To back this up, Kyser cites a different jobs figure: the number of people in L.A. County's civilian labor pool who are employed. Unlike payroll jobs figures, which are compiled from payroll tax data submitted by companies, the civilian labor pool figures come from surveys of residents. It picks up those residents who are self-employed or who work in freelance or independent contractor arrangements.


According to this data, civilian employment in L.A. County stands at 4.62 million, eclipsing the previous high in March 2001 of 4.53 million. And the jobs being missed by traditional measures are growing more rapidly than payroll jobs.
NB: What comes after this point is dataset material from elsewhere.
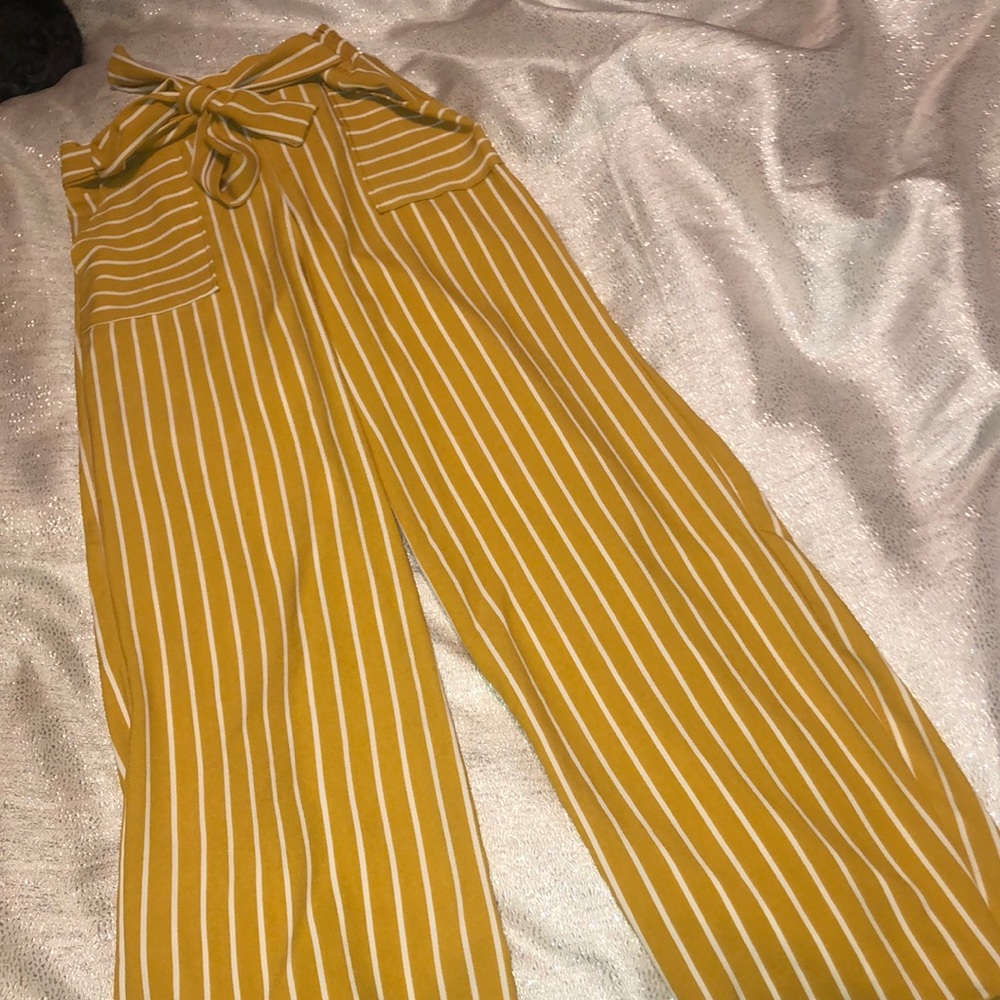 Yellow and white striped boho pants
From May 2004 to May 2005, there was a jump of 159,000 or 3.5 percent in employment, compared with a 23,000 or 0.5 percent increase in the nonfarm payroll jobs.


Kyser said he expects the employment increases to continue during the second half of 2005 and well into 2006.


In fact, Kyser said that several of LAEDC's regional managers are reporting increased anecdotes of "job-hopping," where a person gets a job, holds it for two or three months and then finds another, higher-wage job.


"Several sectors of the local economy are picking up steam: international trade/logistics, aerospace, professional and business services and tourism," he said.
But like other economists, Kyser warned of several risks that could slow job growth. The most immediate threat, he said, is summertime cargo congestion at the ports. Delays in moving goods could affect both the logistics industries and the retail sector that rely heavily on making sure the goods are on store shelves.


Last week, terminal operators announced extended gate hours at the ports in an attempt to avoid a repeat of last summer's costly tie-up, when dozens of ships waited weeks to unload their cargo.


Meanwhile, anemic box-office receipts could spill over into the motion picture production industry, slowing job growth there. So far, though, Kyser said the sector remains strong.


He expects some cooling of the housing market, but not enough this year to have an impact on construction industry employment. The slowdown could become more pronounced next year. "People are already getting nervous about buying at the top of the market," he said.